2 discs and only 12 tracks, hmmmm. This can either herald excellence worth every minute of your (and his) time, or something more suspect. I agree with most reviews here that unfortunately it veers towards the latter.
Yes, there are some trance anthems in their infancy here, but he's done most of this before, and usually better. The Jez vocals grate for me, and the lyrical repetition is plain lazy. Even Kirsty Hawkshaw's vocal offering on "A Million Stars" sounds lack-lustre and overly breathy (and I usually like her vocals).
And yes, there are too many tracks with him taking lead vocals, and almost every track here is too long.
Barry Adamson made a similar mistake of including his son in a vocal a couple of albums back, and it was simply cringe-worthy. It's a risk only to be taken when the material requires it, and you are sure noone else could've sung it better! Maybe that's a bit harsh, but in both cases it lets the track down big time (Sorry Brian / Barry).
There is some good stuff here, and I like the occasional rock injection, albeit a little formulaic here. Also he dabbles with dubstep and d'n'b breaks (again), but on previous albums (like the album mix of "Remember") it worked well. Now it seems a bit stale. "Suddenly" is one of the strongest songs here, but the second half includes treated chorus lines ad infinitum, and arguably it should fade at around 6 minutes tops!
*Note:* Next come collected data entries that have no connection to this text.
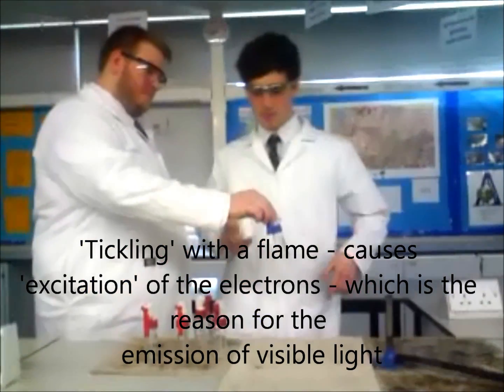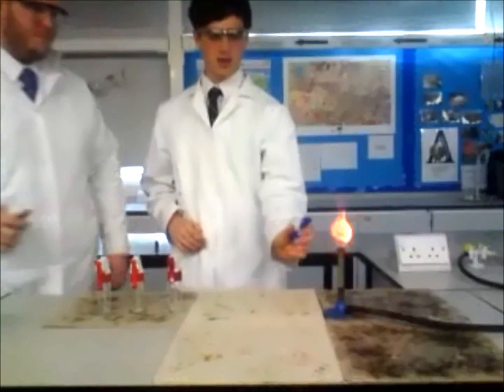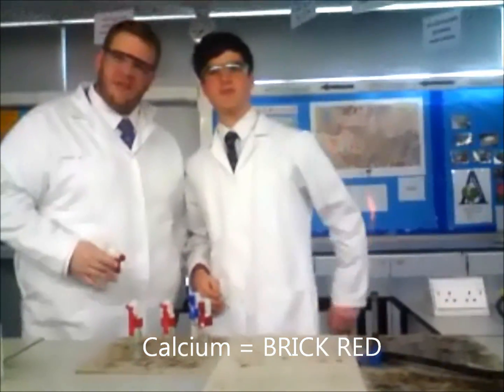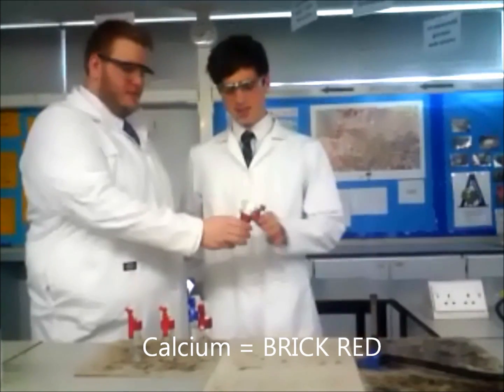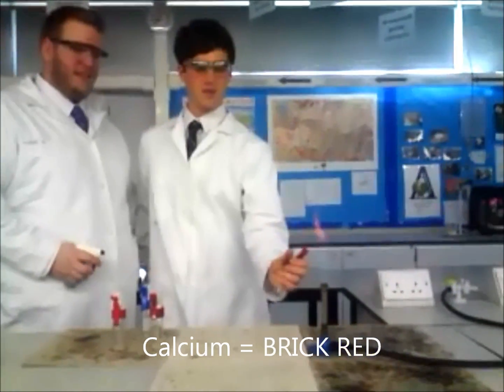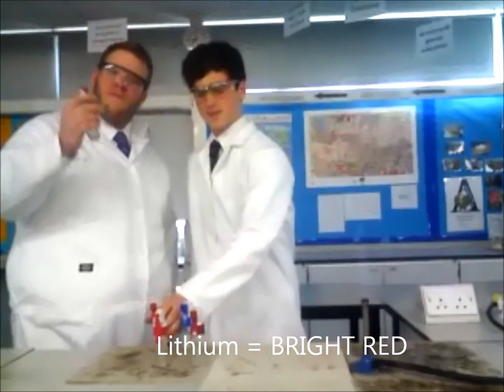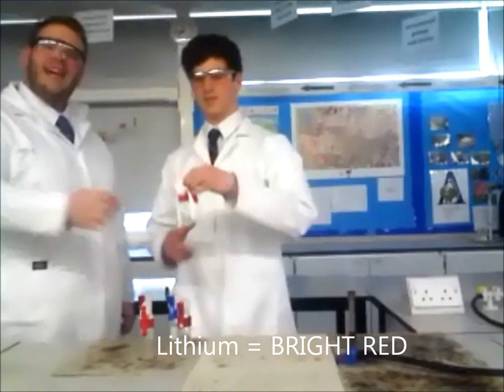Each colour is unique. That colour relates to calcium — calcium is a brick red. A much deeper red, but very bright still, that colour is lithium.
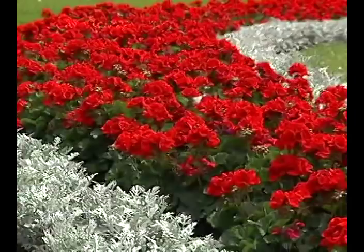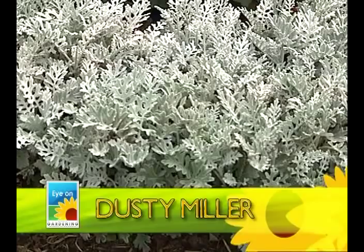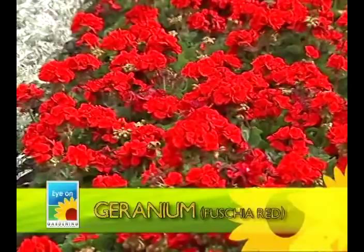Look at this tremendous array of flowers — spectacular, deep blood red, very vivid. They've taken dusty miller, which has no flowers but is a grayish-white leaf plant, and tightly clustered it as a border along this entire bed, with fuchsia red geranium absolutely packed in the center.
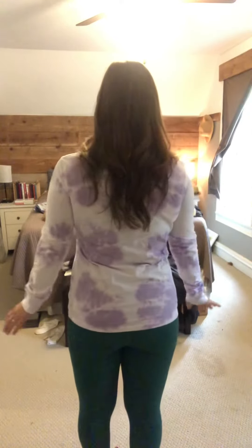It's got a nice little crew neck, and here's the back — it's just like a regular cotton shirt. It's still on sale if you're interested; I'll put the link below so you can check it out. If you're looking for 100% cotton and something for layering, this is a good buy for sure.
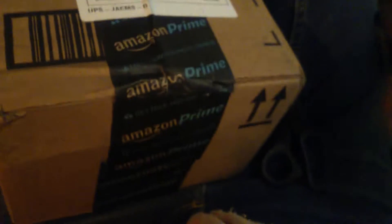Okay guys, we're going to do an unboxing of my new camera. So here we go! Woohoo!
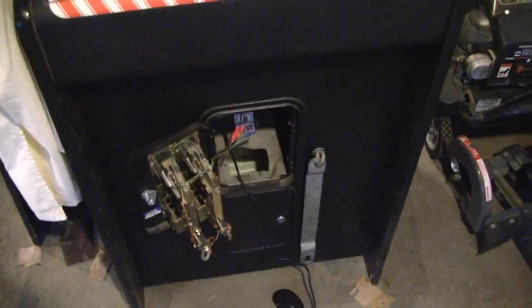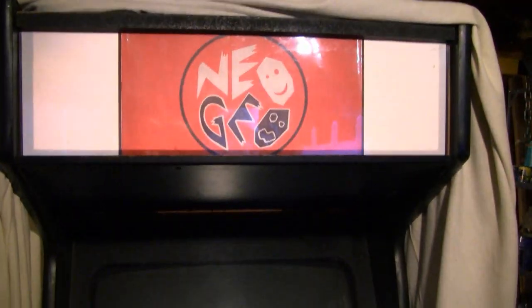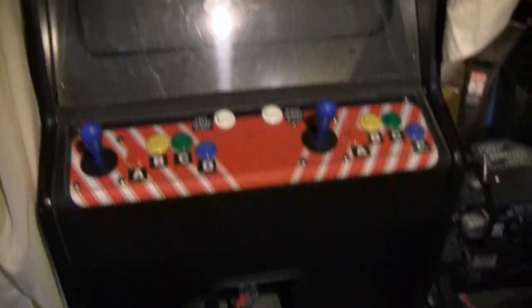Hey YouTube, it's Steve again. Today we're out in my garage and here is my Neo Geo. I want to show a little project I'm working on right now.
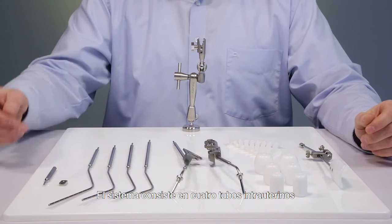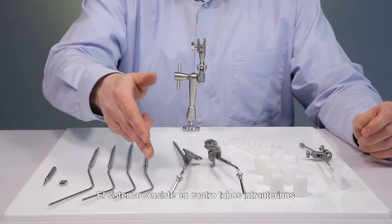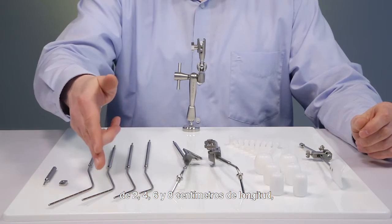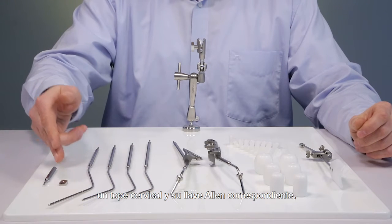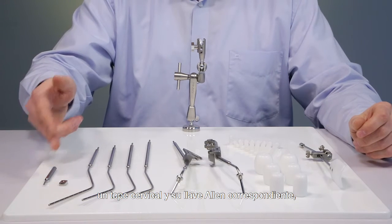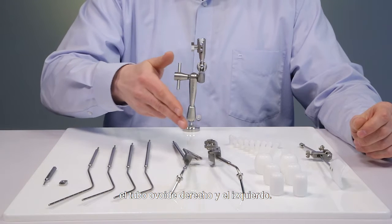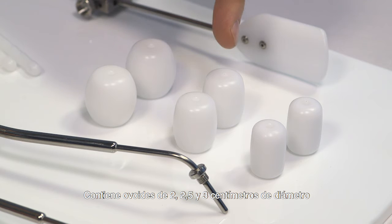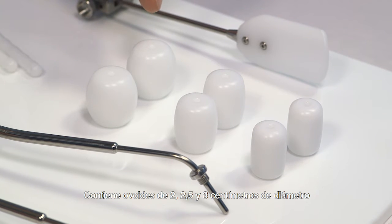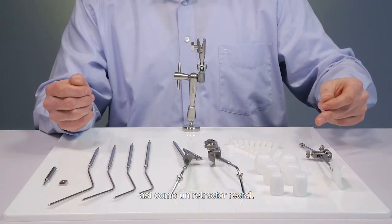The set consists of four intrauterine tubes in 2, 4, 6, and 8 centimeter length, a cervical stop and a corresponding Allen wrench, the right ovoid tube and the left ovoid tube. It includes ovoids in 2, 2.5, and 3 centimeter diameter, as well as a rectal retractor.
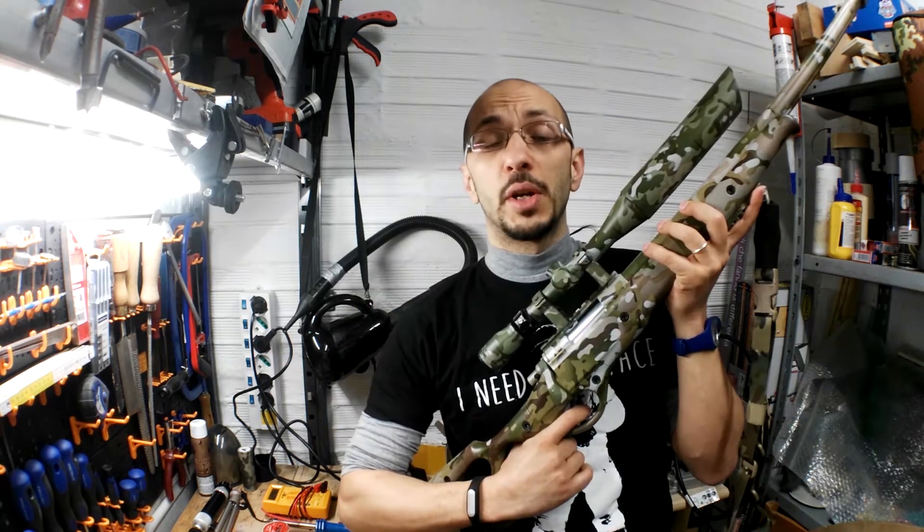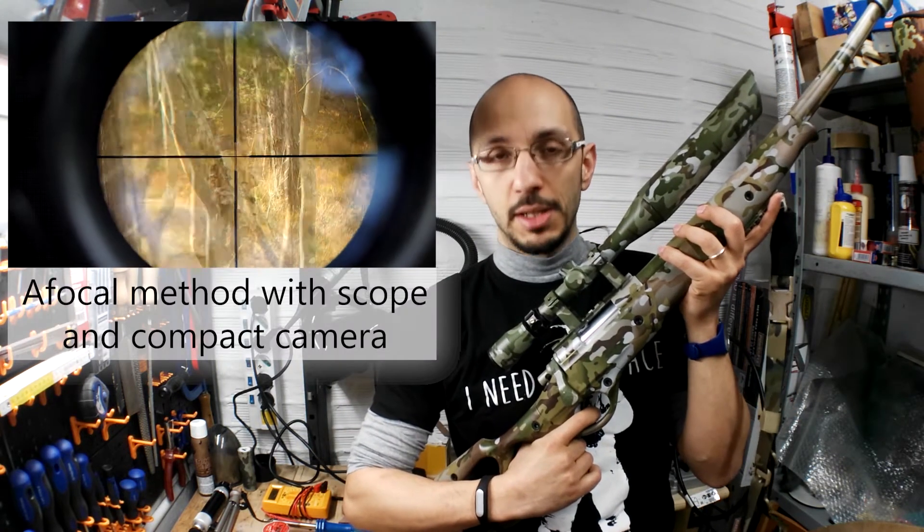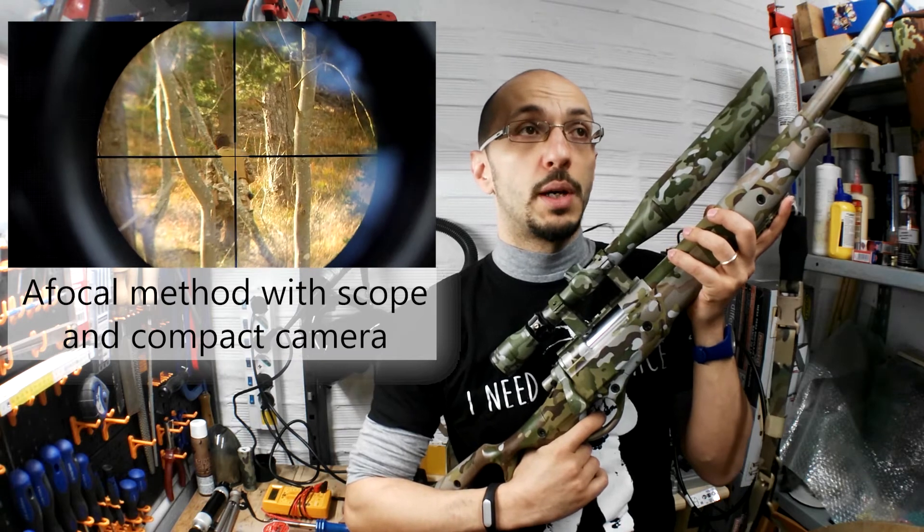Why do I need to do all these things? Well, point one: it's cool, it's geek, and it's also nerd. Point two: all these things open to you the possibility for several future projects, like for example a sniper cam, like in my situation, or also for a paintball cam.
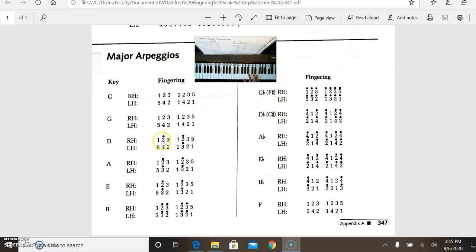D major — we have a black key, F sharp. D major is the triad D, F sharp, A. The arpeggio: 1, 2, 3, 5. A major has the same shape as D major — white key, black key, white key. In this case we have a C sharp for the middle note. A major triad: A, C sharp, E. Fingering is 1, 2, 3, 5.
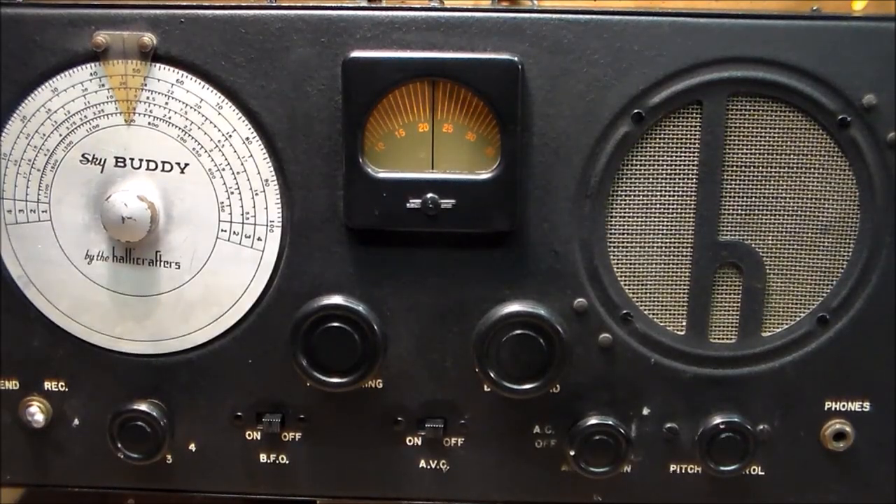Let's take a look at the front panel and see what the various controls do. The controls from left to right are as follows: a send-receive switch; a four-position band switch, with position one being the broadcast band; an on-off BFO switch for the Beat Frequency Oscillator, used to listen to Morse code; an on-off AVC switch for automatic volume control; the main volume control with the power-off switch; a pitch control for the BFO; and to the far right, a jack for your headphones.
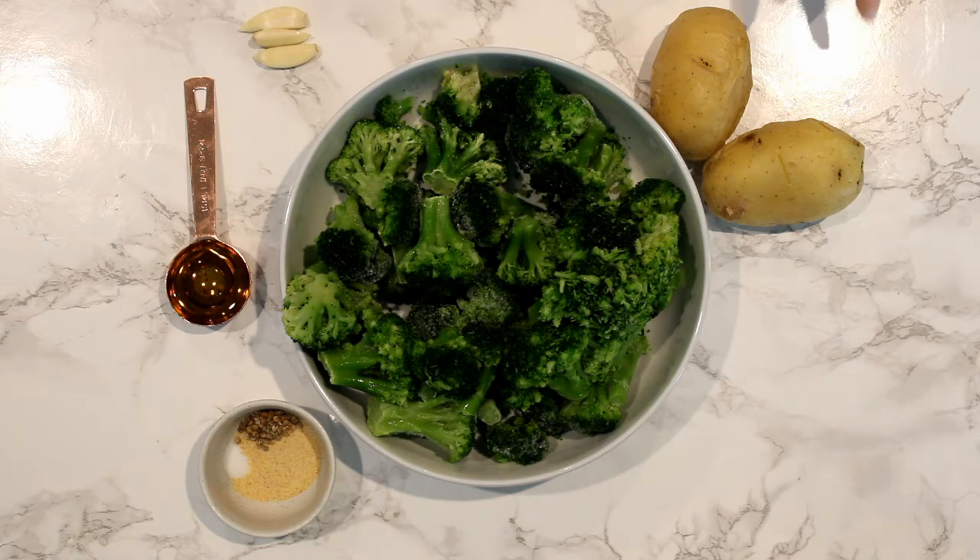We're going to be using two small potatoes that are steamed, 460 grams of broccoli, one teaspoon of garlic powder, one teaspoon of salt, one teaspoon of crushed coriander, one tablespoon of olive oil, and three small garlics.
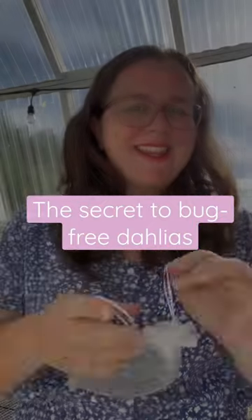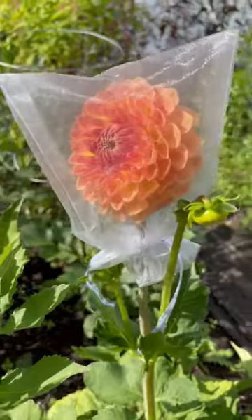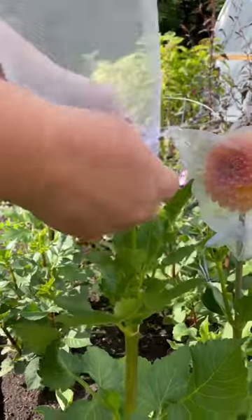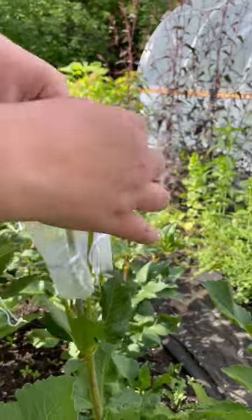These little mesh party bags are my secret to bug-free dahlias. To make this work for you, you'll need a party bag — put it over the dahlia before it's bloomed, then take it off once your dahlia has finished blooming.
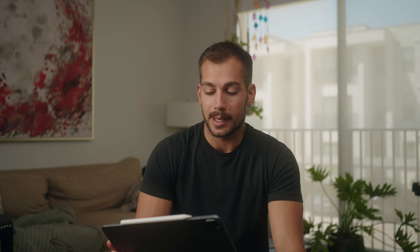Moving forward, we have the night version of the office scene. Nothing was changed about the lighting — we just dialed down the exposure on the camera and also turned the white balance all the way down.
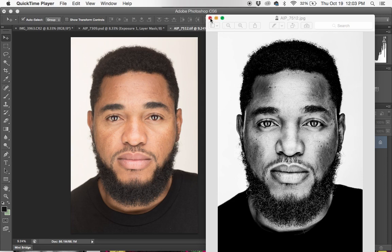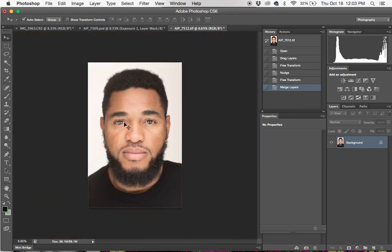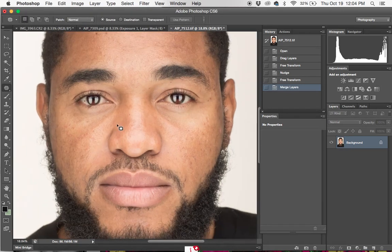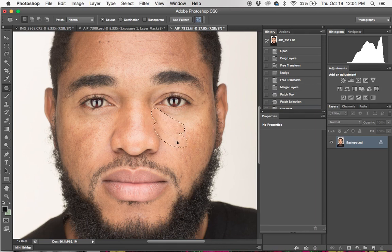The first thing I like to do is clean up the image right off the bat. I want to take out these lines under his eyes, the eye bags. I'm going to do that with the patch tool.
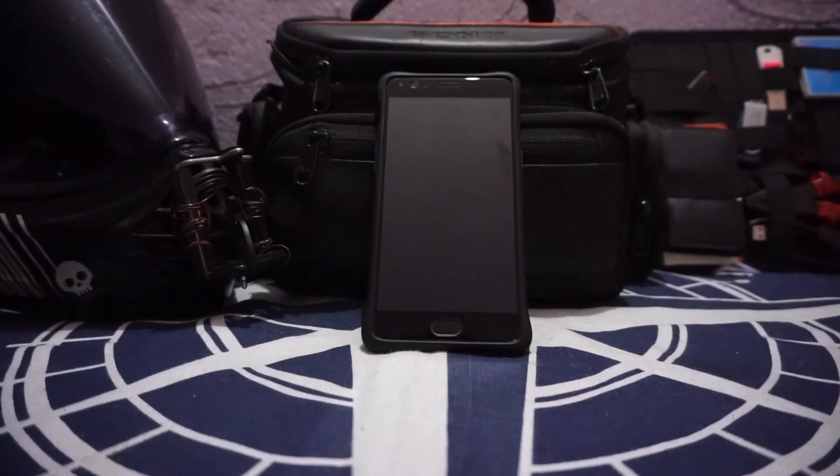Hey guys it's Qigli again with another ROM review and this time I've got Resurrection Remix version 5.8 based on Android 7.1.1 for the OnePlus 3, and the catch is this is the Black Juvelle version so stay tuned for that.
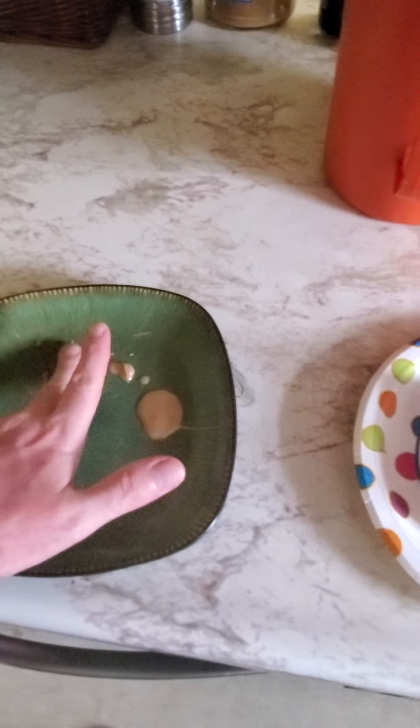Look at this. Mmm, nothing like a taste of melted peanut butter. Yum. I'm not going to get it all, but there you go — that's good enough.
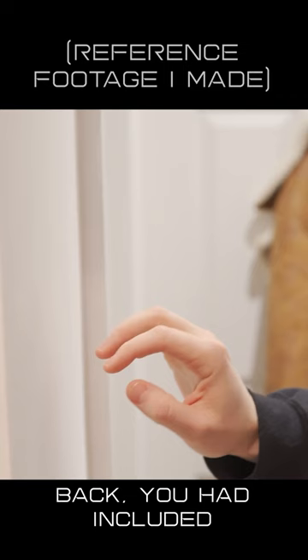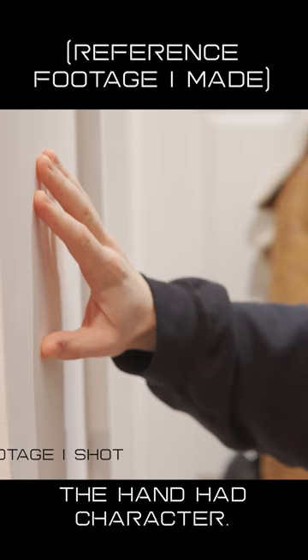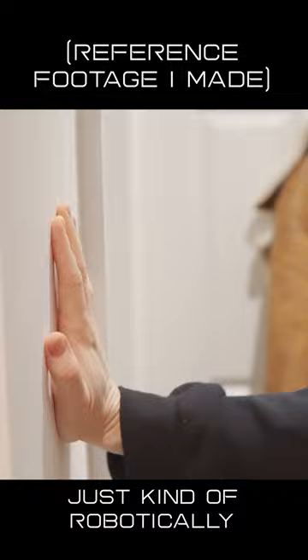And it felt, all of a sudden, the hand had character. The person is searching, or kind of feeling, instead of just kind of robotically or mechanically placing the hand onto the PC. I've also found it really exciting with how many subtle tweaks you can really elevate the quality.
I couldn't get into his ambient soundtrack-like material atall, so was looking forward to this new double, but am a tad disappointed. If this is the first of his album's you've bought, don't be put off as IMA and ESCM are far better, but he has every right to stretch his wings a bit now and then. Hopefully he'll just ensure they are duly trimmed for the next flight of fancy though!